痛い上に、なんだか頭の中もモヤモヤする。
それにしても。
なんだ、この天井。
あたし、テントの中にでもいるの……?
そう思い、ゆっくり体を起こそうとして。
いろいろなことに気づく。
見知らぬ部屋にいることに。自分の体の変化に。
でも、すぐにあたしは悟る。
こーゆう展開に思い当たることがあった。
あたしは中学生の頃から表向きはリア充、でも家に帰ればオタクという二重生活を送ってきた。で、乙女ゲームが大好きで、悪役令嬢もののラノベも読み漁っていた。だからこそ分かる。間違いない。

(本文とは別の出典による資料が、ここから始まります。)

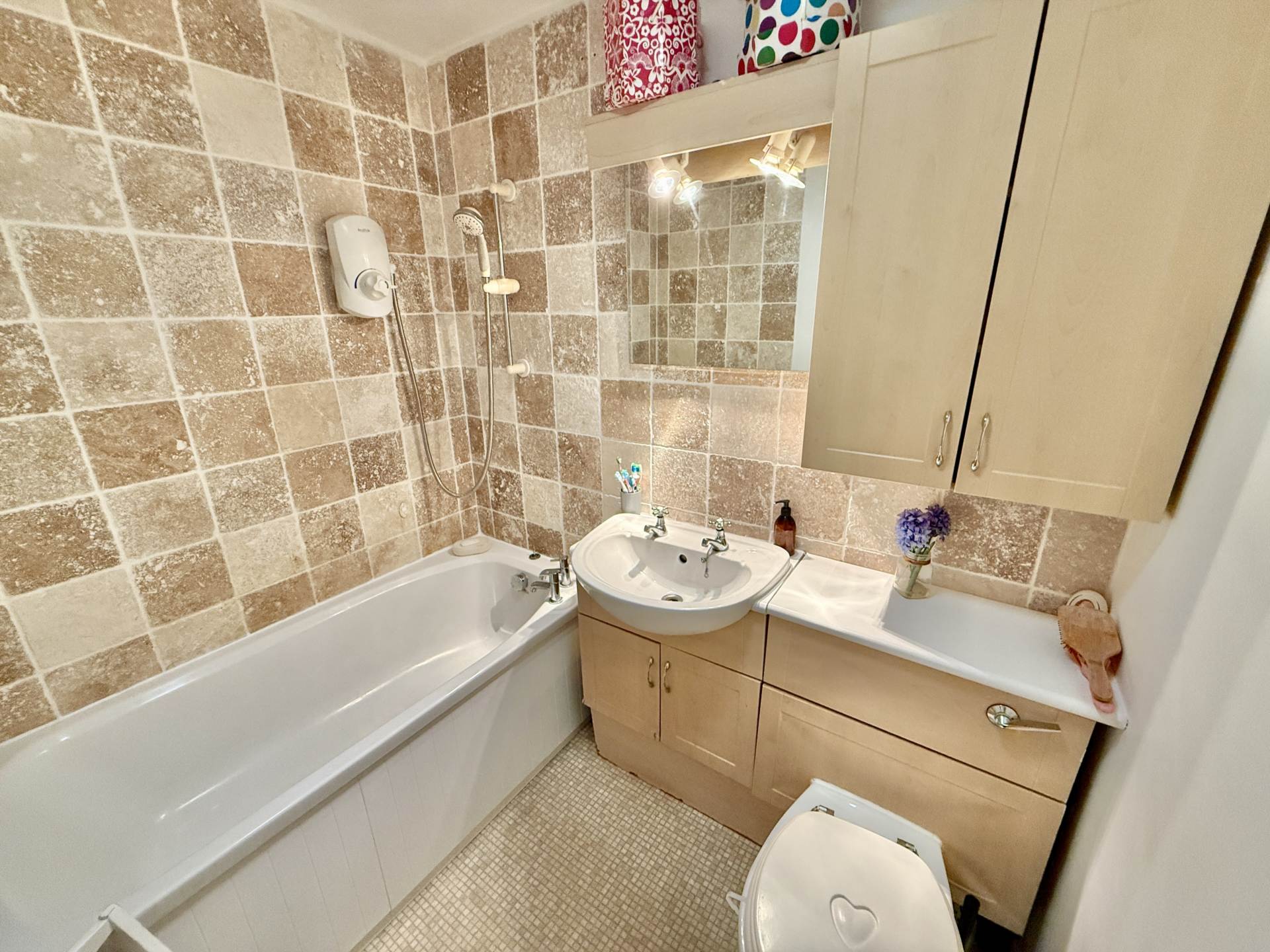 Additional Property Image 2 bedroom Terraced for sale in Didcot 9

あたし、きっと、乙女ゲームの世界に転生していると思う!
だって乙女ゲームの中に転生した主人公の冒頭って、たいがたいこんな感じだから。目覚めたら知らない部屋にいる。パソコンやスマホが見当たらない。でもって、髪の色や肌の色が西洋風って。
実際見てみると、はい、間違いありません。
天井にシャンデリア、壁には絵画、暖炉もあり、いろいろと金ピカ。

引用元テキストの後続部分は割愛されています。